Focus on Glasgow
Published on 01 January 2009
Something’s afoot at Glasgow Caledonian University as a team of expert podiatrists work to improve painful feet in arthritis sufferers - largely funded by Arthritis Research UK.
“Feet are the window to your health,” says Jim Woodburn, and if anyone is qualified to make this pronouncement, it’s the Professor of Rehabilitation at Glasgow Caledonian University (GCU).
“If you have problems with your feet you probably have other health problems too,” he adds. “And a very high proportion of people with rheumatoid arthritis have painful feet problems; probably about 90 per cent of patients. Feet are a critical site for involvement in early disease.”
Jim Woodburn has spent a large part of his distinguished professional career as an academic podiatrist trying to get the medical and health professions to treat feet as seriously as they deserve to be.

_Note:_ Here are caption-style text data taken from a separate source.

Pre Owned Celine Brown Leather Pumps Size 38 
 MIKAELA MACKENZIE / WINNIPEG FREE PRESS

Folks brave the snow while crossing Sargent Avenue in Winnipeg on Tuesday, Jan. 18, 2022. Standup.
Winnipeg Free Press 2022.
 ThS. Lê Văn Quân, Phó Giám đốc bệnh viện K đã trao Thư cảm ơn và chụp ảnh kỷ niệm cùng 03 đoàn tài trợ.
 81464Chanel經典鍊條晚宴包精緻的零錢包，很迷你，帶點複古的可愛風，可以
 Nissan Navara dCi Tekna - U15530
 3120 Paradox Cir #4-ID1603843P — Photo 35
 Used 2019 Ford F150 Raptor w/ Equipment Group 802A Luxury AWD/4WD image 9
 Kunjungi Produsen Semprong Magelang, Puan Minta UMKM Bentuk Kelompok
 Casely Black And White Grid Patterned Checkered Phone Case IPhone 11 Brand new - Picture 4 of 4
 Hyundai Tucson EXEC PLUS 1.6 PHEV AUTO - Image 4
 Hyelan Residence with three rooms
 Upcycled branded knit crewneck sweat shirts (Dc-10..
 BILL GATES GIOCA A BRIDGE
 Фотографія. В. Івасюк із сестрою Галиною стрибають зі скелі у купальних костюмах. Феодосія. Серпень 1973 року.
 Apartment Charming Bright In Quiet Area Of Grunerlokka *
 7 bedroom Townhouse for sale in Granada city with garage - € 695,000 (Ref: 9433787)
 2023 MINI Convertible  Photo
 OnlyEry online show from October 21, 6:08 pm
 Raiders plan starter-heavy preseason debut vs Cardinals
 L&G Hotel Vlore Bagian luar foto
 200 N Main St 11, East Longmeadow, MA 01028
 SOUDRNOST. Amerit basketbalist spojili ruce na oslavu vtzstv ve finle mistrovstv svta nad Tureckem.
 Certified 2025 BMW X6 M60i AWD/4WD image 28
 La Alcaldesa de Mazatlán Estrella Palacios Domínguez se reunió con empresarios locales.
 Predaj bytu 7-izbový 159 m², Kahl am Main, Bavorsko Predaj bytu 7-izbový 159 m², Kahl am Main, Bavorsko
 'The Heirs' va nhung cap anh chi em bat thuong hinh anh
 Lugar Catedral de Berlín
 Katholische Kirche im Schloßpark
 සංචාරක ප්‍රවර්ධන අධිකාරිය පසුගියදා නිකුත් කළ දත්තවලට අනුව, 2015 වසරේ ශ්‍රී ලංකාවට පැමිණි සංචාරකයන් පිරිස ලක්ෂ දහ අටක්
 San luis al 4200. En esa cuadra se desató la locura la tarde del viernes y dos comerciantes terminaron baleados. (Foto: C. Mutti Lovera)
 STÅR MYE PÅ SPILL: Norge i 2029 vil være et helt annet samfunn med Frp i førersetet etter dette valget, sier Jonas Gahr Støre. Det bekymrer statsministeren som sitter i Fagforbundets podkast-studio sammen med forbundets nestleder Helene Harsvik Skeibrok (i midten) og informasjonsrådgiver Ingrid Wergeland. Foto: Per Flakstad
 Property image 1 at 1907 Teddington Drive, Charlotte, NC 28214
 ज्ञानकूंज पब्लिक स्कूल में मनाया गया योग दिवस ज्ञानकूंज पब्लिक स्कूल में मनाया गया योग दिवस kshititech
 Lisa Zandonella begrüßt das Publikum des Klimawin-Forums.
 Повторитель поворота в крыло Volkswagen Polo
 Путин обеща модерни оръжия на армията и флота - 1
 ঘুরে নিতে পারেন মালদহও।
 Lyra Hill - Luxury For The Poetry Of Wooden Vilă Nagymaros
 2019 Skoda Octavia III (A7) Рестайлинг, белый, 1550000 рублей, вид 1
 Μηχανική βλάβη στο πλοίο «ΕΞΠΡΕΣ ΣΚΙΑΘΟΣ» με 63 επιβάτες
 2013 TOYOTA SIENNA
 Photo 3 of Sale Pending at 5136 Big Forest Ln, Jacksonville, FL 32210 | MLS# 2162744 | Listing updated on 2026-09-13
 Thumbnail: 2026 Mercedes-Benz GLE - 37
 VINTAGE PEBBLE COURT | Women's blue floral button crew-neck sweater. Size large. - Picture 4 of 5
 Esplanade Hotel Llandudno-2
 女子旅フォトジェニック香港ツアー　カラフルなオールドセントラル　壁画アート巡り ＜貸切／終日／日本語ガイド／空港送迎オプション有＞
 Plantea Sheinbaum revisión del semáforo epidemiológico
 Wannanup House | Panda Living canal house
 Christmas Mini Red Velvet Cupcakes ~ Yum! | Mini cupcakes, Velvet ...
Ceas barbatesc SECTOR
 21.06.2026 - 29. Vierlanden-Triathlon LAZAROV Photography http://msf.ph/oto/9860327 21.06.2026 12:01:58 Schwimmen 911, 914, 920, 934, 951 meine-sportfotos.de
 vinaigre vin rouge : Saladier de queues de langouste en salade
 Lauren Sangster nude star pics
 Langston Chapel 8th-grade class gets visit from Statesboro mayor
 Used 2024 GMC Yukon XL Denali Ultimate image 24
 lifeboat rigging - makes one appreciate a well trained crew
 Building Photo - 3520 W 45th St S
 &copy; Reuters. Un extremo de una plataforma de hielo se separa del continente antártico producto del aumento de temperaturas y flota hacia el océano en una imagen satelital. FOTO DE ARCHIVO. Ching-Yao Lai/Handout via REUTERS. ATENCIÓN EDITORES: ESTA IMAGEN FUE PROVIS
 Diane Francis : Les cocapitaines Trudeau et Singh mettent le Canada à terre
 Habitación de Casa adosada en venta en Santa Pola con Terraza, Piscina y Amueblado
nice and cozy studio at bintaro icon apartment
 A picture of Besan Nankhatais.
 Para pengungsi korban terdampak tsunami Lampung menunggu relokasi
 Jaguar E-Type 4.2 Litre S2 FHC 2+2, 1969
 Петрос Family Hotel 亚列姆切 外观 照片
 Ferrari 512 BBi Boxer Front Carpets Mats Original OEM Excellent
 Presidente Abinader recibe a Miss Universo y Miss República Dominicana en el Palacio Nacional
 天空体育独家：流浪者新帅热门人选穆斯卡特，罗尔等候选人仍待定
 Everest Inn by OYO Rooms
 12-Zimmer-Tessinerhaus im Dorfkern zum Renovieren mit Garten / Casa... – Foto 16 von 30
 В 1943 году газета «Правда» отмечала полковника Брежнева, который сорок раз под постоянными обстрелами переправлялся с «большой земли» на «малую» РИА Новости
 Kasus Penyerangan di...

Many people with rheumatoid arthritis (RA) describe how it feels like walking on broken glass, and looking at the pressure scans of their feet in Professor Woodburn’s office makes it clear why this is so. In RA the foot becomes deformed, and the toes rise off the floor so that the patient walks on the balls of their feet. Bursae, small fluid-filled sacs or calluses then form. Because there is no fatty padding beneath the foot to act as a cushion, the pressure on the ball of the foot increases, causing extreme pain and altering the walking pattern.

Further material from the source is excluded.